__Directions for this task__:
Return exactly, please, the lines from the one containing "Igntion Coil - SuperCoil" to the last line of the entries below, and nothing else, leaving pictures out.
== == ==
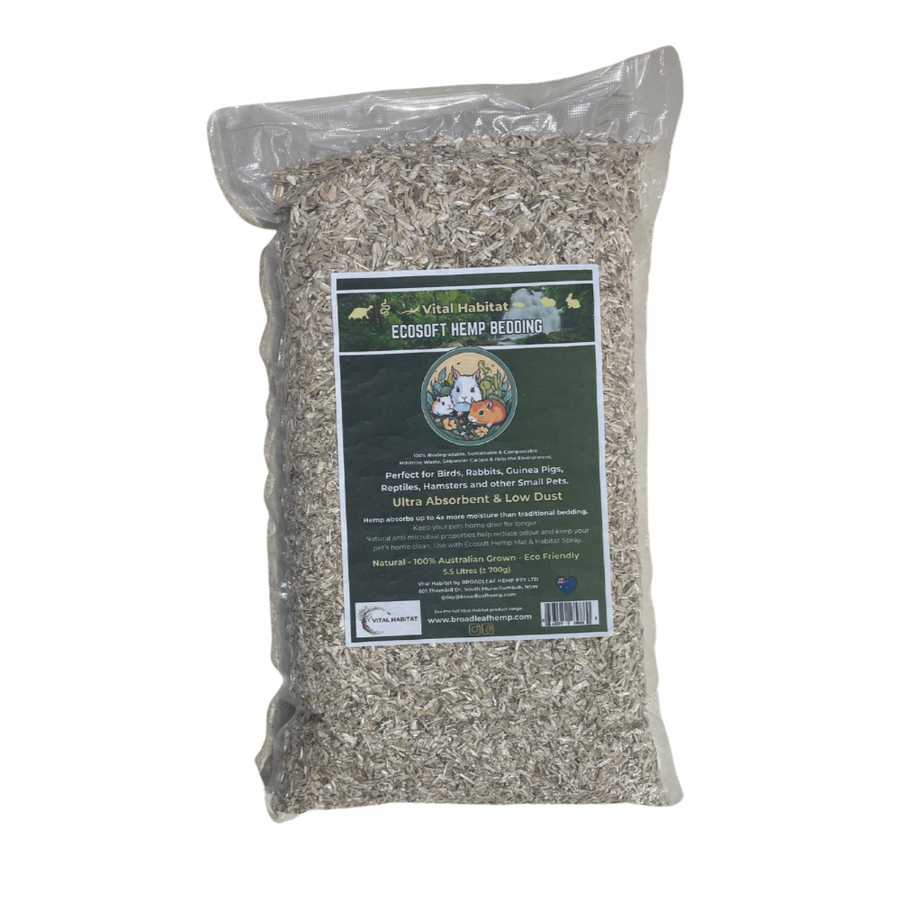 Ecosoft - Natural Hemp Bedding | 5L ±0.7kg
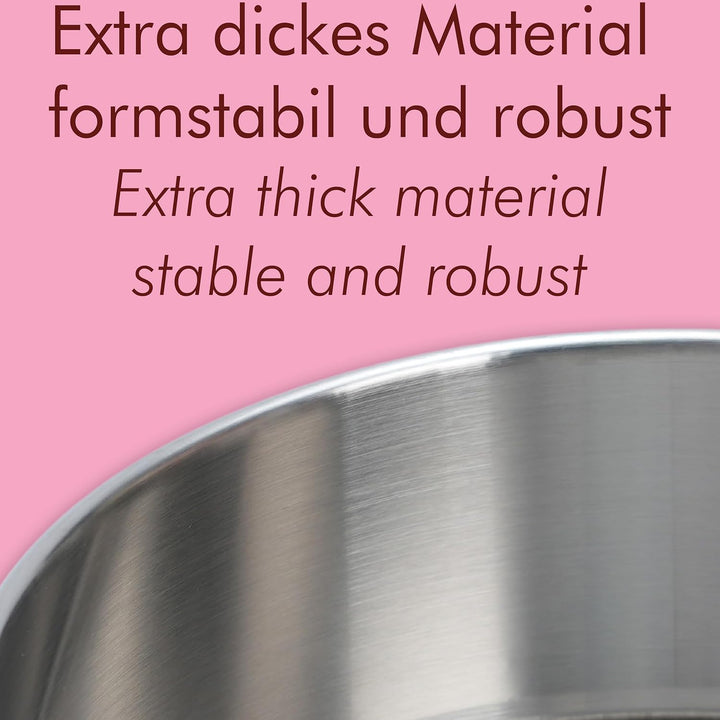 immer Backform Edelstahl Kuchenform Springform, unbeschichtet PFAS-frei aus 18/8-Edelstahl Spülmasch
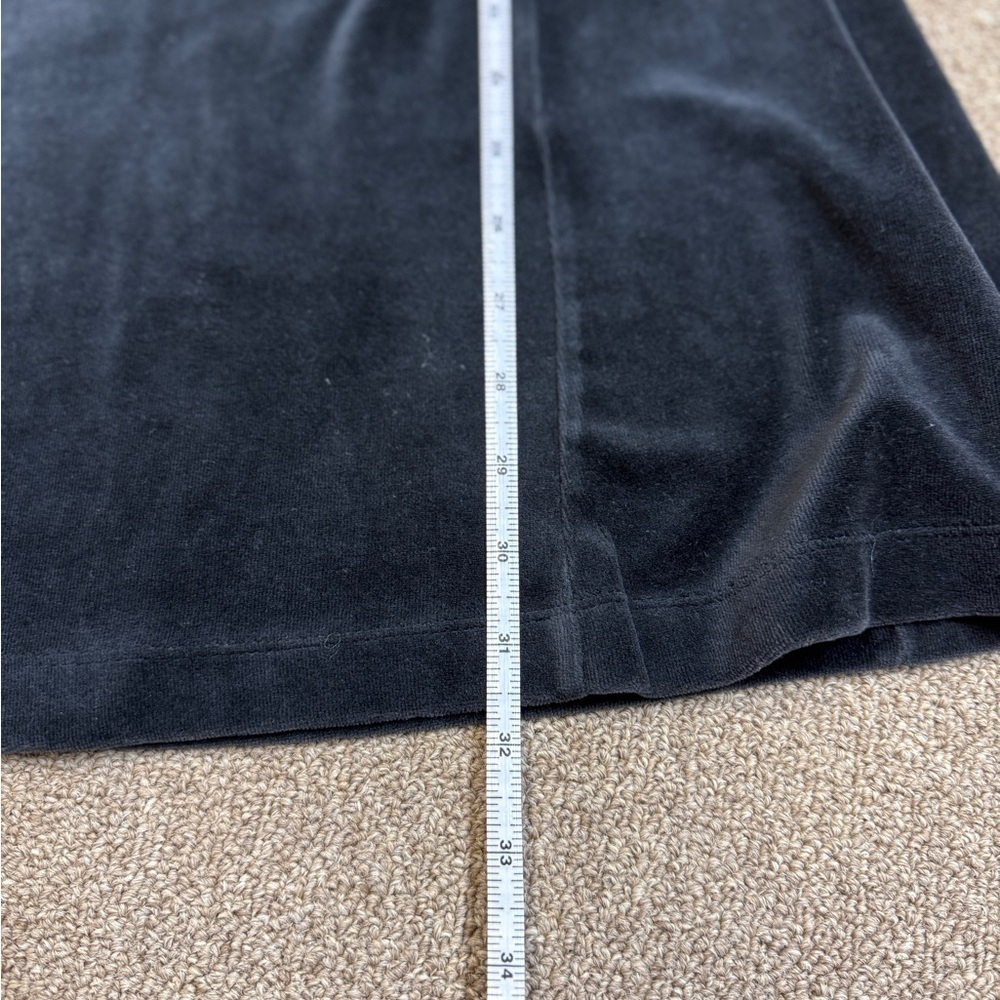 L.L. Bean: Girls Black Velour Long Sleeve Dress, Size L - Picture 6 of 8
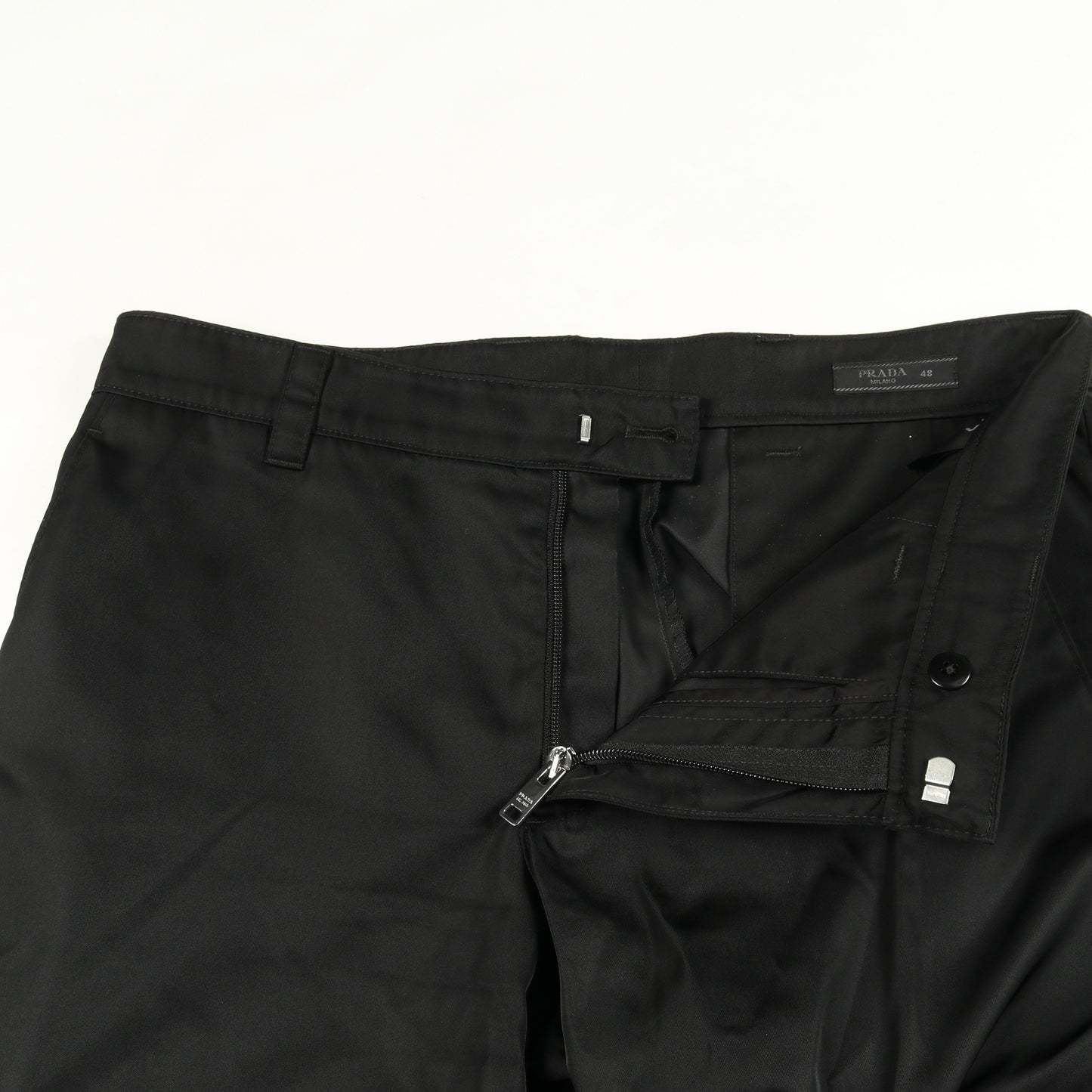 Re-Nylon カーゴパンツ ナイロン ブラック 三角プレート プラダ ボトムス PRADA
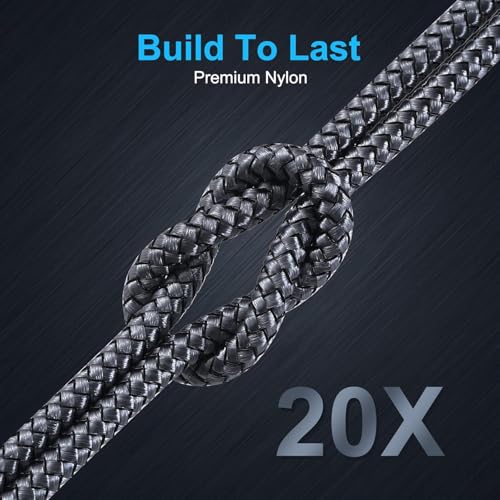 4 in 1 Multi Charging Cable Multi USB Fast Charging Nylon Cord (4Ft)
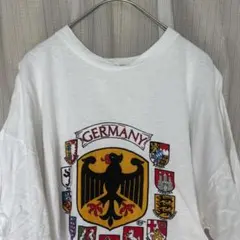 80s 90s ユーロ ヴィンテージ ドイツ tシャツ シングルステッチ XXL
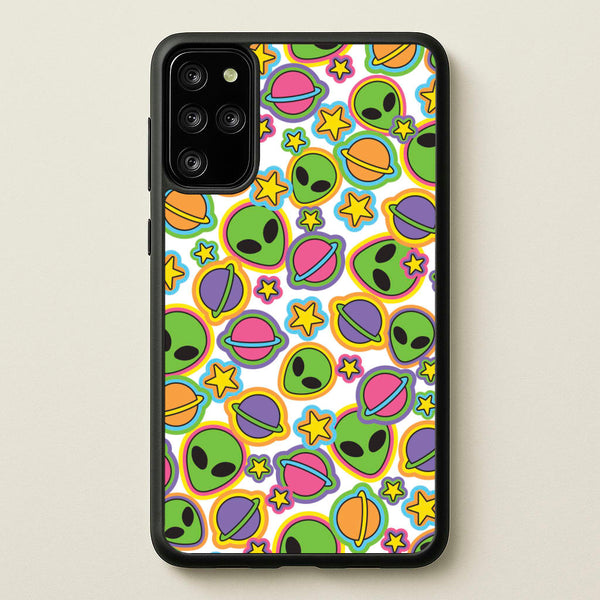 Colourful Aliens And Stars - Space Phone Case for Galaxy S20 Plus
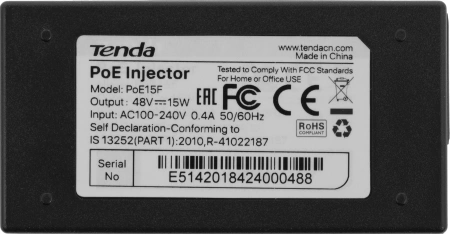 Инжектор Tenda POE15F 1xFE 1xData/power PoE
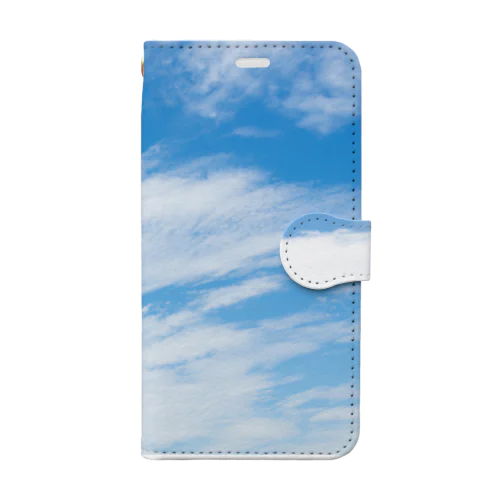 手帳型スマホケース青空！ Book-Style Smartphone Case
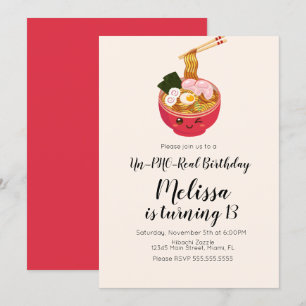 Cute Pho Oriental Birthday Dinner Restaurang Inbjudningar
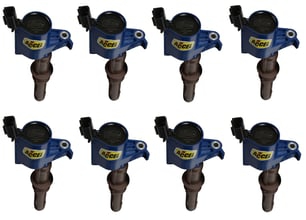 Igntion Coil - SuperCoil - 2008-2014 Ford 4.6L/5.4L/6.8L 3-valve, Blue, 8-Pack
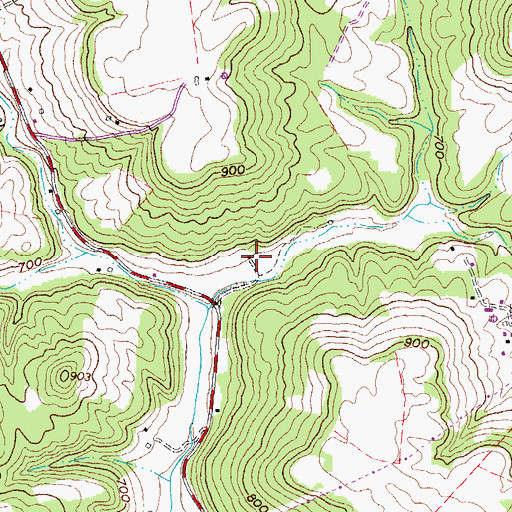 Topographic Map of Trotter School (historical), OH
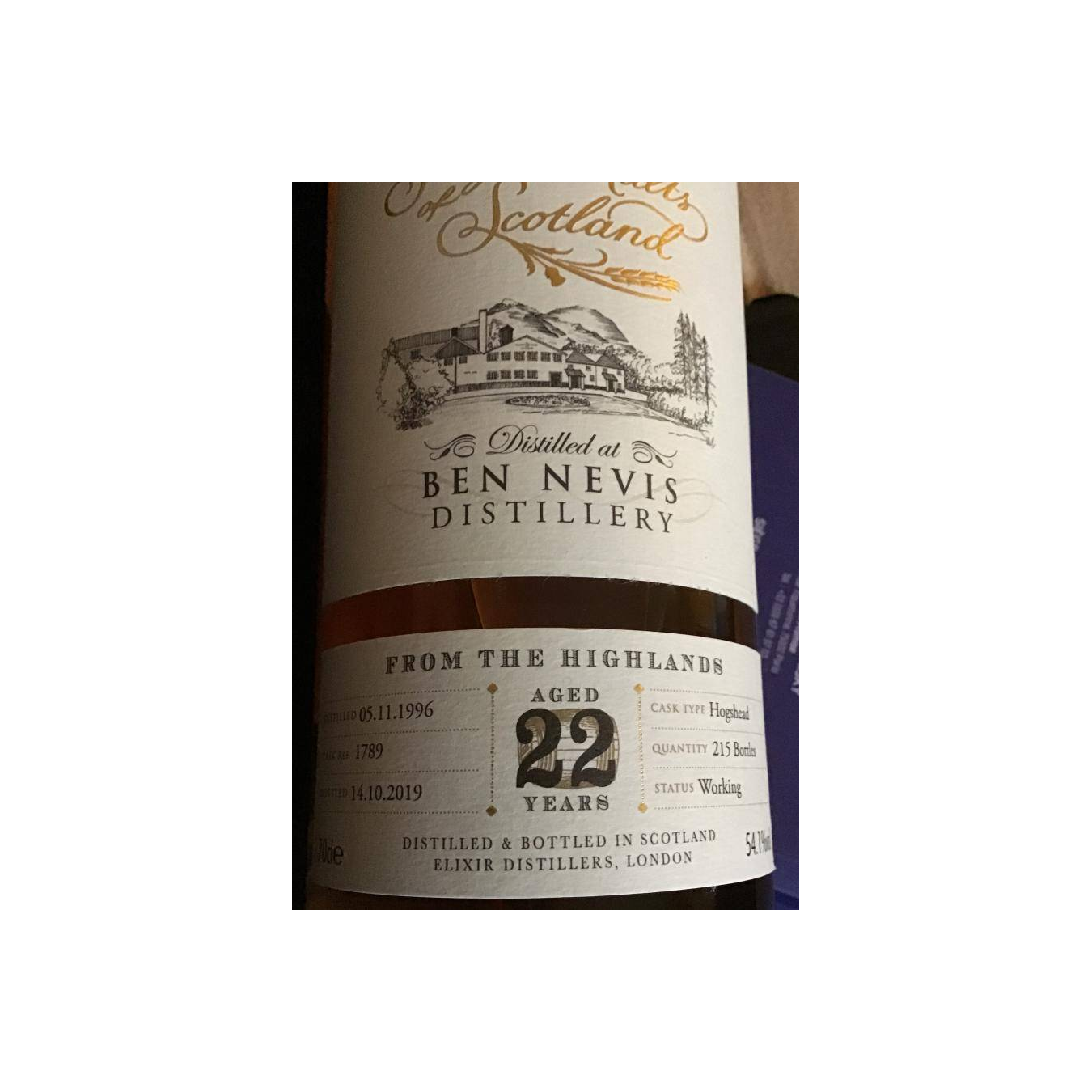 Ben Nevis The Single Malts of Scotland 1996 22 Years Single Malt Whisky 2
== == ==
__Exercise solution__:
 Igntion Coil - SuperCoil - 2008-2014 Ford 4.6L/5.4L/6.8L 3-valve, Blue, 8-Pack
 Topographic Map of Trotter School (historical), OH
 Ben Nevis The Single Malts of Scotland 1996 22 Years Single Malt Whisky 2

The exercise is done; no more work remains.